Figure 6

Assay of JAK2 activity in LEPRb complexes. A, Outline of the method. - RINm5F cells stably expressing WT or mutant (FFY) LEPRb were treated with leptin (20 ng/ml) for the 15 min or 120 min as indicated. LEPRb receptor complexes were immunoprecipitated (IP) with an antibody directed against the C-terminal myc tag of LEPRb. Immunoprecipitates were incubated with recombinant STAT1 as substrate in the presence of ATP, and phosphorylation of STAT1 was determined by Western blot analysis of the supernatant (kinase activity).
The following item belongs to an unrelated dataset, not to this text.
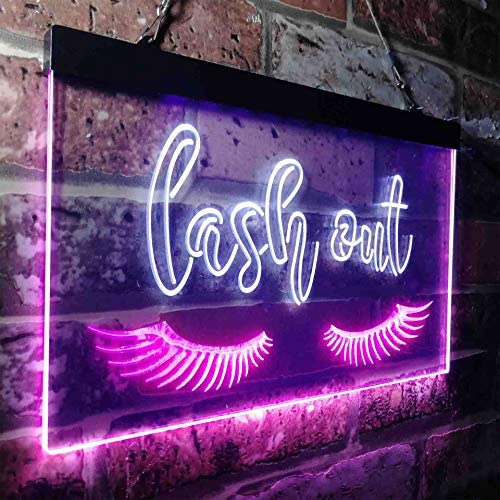 Eyelashes Lash Out Girl Room Beauty Decor LED Light Sign - Way Up Gifts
B, Western blot analysis. - Activation loop phosphorylation of JAK2 was assessed in the immunoprecipitates with a phosphospecific antibody (anti Tyr1007/1008, PY-JAK2). Catalytic activity of receptor-bound JAK2 was determined as the phosphorylation of STAT1 on Tyr701 (PY-STAT1). LEPRb and total STAT were detected to control for comparable levels of expression or immunoprecipitation, respectively. A control reaction that was performed in the absence of ATP is marked by an asterisk (*). In two independent experiments, STAT1 phosphorylation by LEPRb-WT complexes was reduced by 57.3% and 42.6% after 2 h of leptin treatment, whereas the STAT1 phosphorylating activity of LEPRb-FFY complexes remained constant (103.1% and 111.3%).